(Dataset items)
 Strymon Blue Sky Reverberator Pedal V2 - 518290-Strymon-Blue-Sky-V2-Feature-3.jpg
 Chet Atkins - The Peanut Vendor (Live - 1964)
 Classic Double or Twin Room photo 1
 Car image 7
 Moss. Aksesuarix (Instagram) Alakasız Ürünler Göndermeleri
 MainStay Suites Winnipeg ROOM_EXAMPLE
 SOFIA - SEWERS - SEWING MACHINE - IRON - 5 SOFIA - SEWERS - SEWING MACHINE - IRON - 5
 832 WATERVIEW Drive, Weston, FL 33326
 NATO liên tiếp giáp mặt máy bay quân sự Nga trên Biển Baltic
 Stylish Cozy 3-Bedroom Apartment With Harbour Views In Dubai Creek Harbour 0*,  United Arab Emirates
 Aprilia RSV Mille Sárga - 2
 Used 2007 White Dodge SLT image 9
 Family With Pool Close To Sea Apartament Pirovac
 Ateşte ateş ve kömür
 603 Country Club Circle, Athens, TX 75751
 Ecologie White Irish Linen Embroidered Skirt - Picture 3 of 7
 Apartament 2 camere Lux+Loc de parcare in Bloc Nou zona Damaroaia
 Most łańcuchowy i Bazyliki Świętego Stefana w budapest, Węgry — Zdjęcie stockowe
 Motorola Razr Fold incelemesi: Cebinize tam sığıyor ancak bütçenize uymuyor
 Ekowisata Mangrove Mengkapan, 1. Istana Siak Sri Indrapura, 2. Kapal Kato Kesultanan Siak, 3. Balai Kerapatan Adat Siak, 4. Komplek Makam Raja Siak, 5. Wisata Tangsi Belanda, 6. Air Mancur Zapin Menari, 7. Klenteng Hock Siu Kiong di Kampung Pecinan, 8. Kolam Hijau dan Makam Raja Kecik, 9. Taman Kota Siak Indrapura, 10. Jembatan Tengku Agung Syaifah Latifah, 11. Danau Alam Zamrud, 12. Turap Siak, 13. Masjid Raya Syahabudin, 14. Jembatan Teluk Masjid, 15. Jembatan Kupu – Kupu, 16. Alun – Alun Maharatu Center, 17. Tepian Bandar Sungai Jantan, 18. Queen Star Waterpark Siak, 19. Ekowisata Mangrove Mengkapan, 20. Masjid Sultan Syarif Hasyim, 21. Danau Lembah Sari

* **EXERCISE PROMPT**
Which lines in the records above contain the word "Apartament"? Return each of them.

* **EXERCISE SOLUTION**
 Family With Pool Close To Sea Apartament Pirovac
 Apartament 2 camere Lux+Loc de parcare in Bloc Nou zona Damaroaia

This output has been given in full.